==== Exercise data

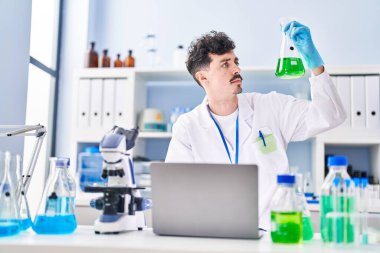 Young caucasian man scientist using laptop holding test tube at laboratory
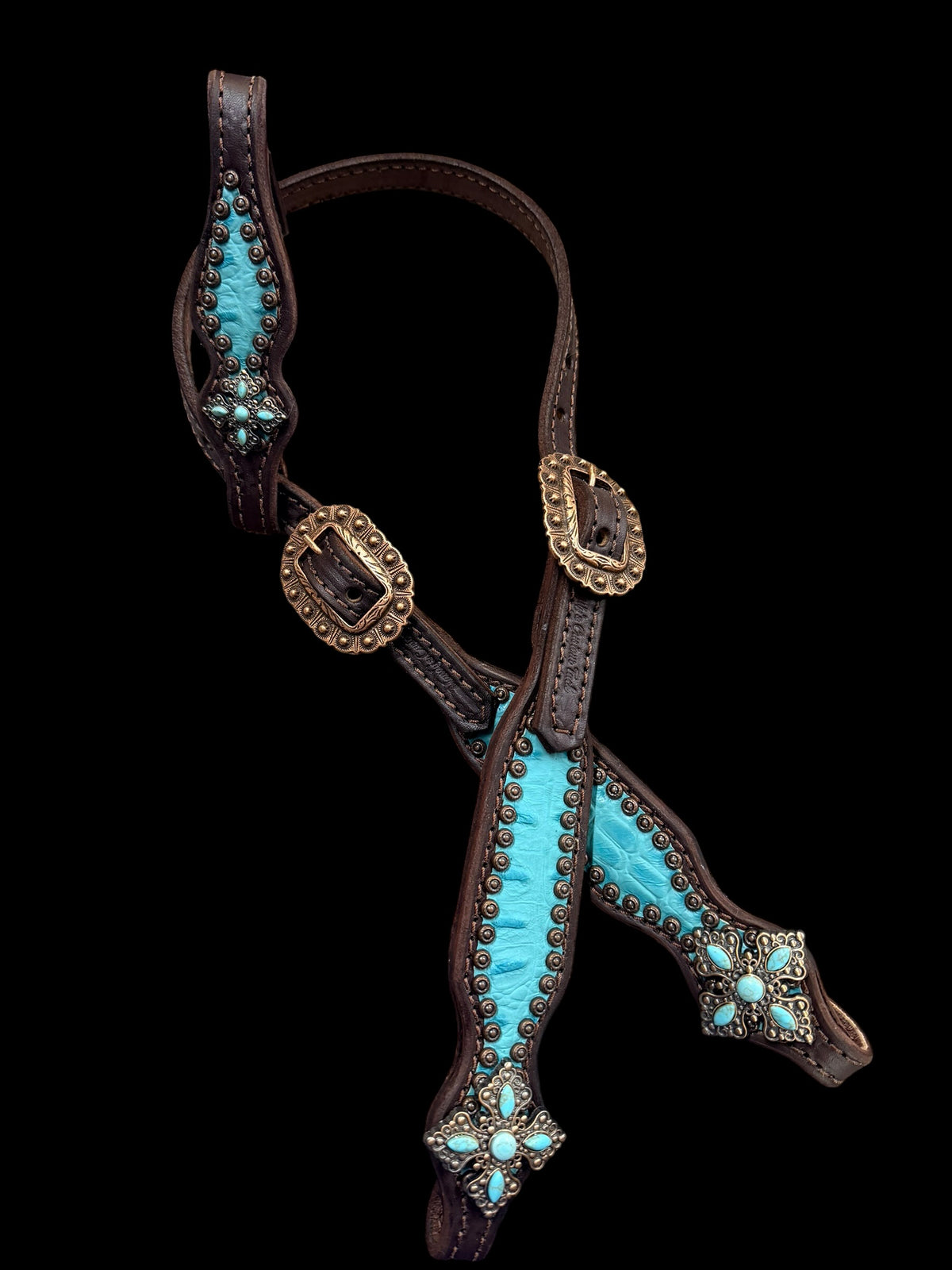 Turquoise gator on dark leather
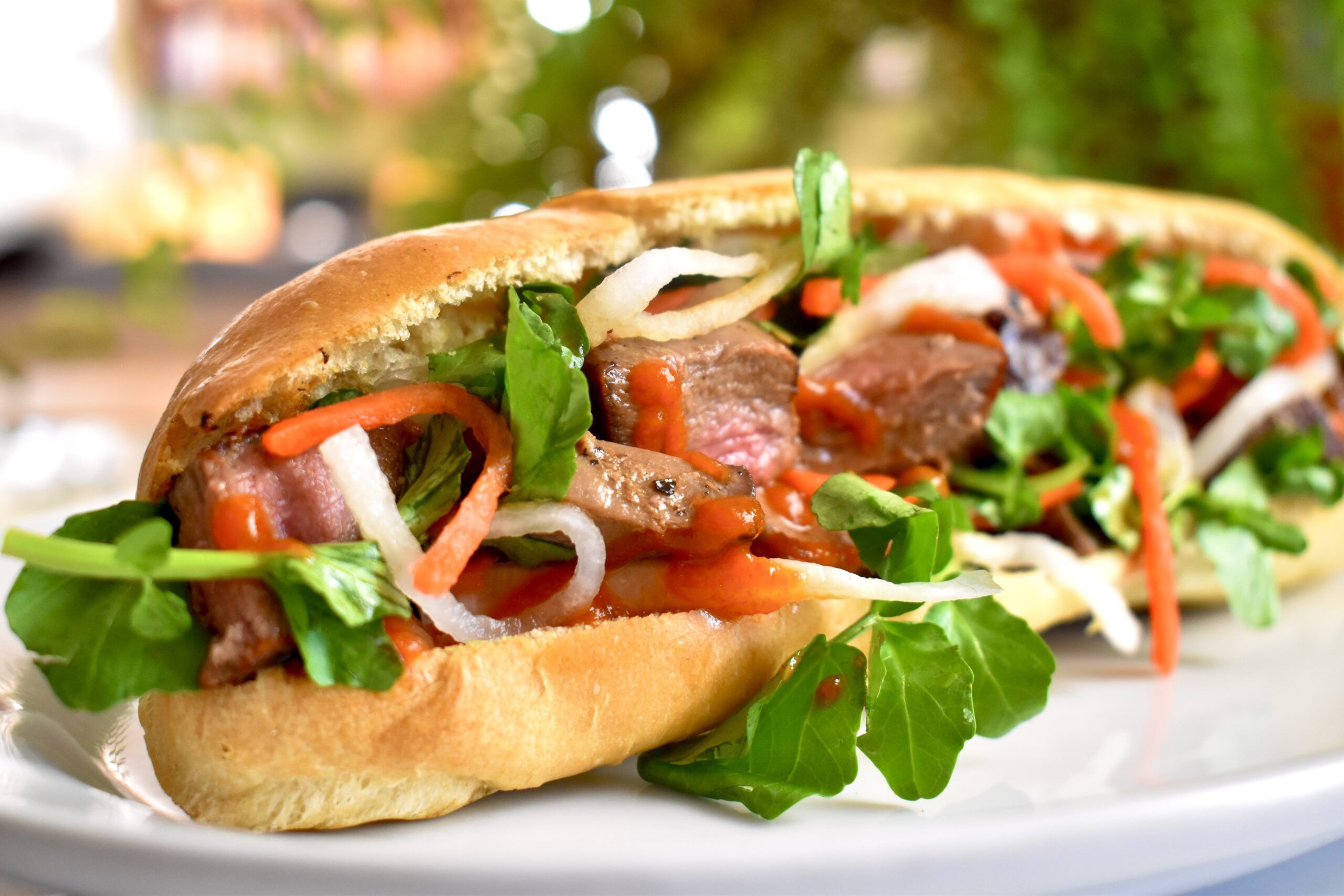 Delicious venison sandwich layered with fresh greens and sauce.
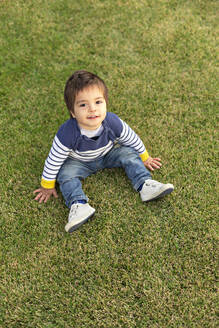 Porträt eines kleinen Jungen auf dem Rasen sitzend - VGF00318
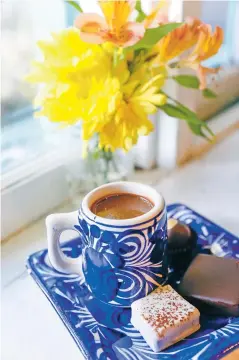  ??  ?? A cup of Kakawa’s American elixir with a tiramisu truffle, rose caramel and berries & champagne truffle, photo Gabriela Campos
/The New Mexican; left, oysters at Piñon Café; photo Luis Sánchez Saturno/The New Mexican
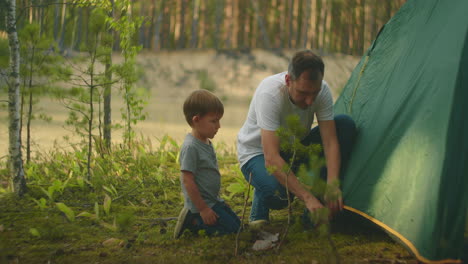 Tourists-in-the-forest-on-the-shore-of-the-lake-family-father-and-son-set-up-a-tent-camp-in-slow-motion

========

● **To do**: The lines wanted are those from the one with "Delicious venison sandwich" to the end of the entries above, repeated exactly, both ends included. Leave out the pictures.

● **Answer box**:
 Delicious venison sandwich layered with fresh greens and sauce.
 Porträt eines kleinen Jungen auf dem Rasen sitzend - VGF00318
  ??  ?? A cup of Kakawa’s American elixir with a tiramisu truffle, rose caramel and berries & champagne truffle, photo Gabriela Campos
/The New Mexican; left, oysters at Piñon Café; photo Luis Sánchez Saturno/The New Mexican
 Tourists-in-the-forest-on-the-shore-of-the-lake-family-father-and-son-set-up-a-tent-camp-in-slow-motion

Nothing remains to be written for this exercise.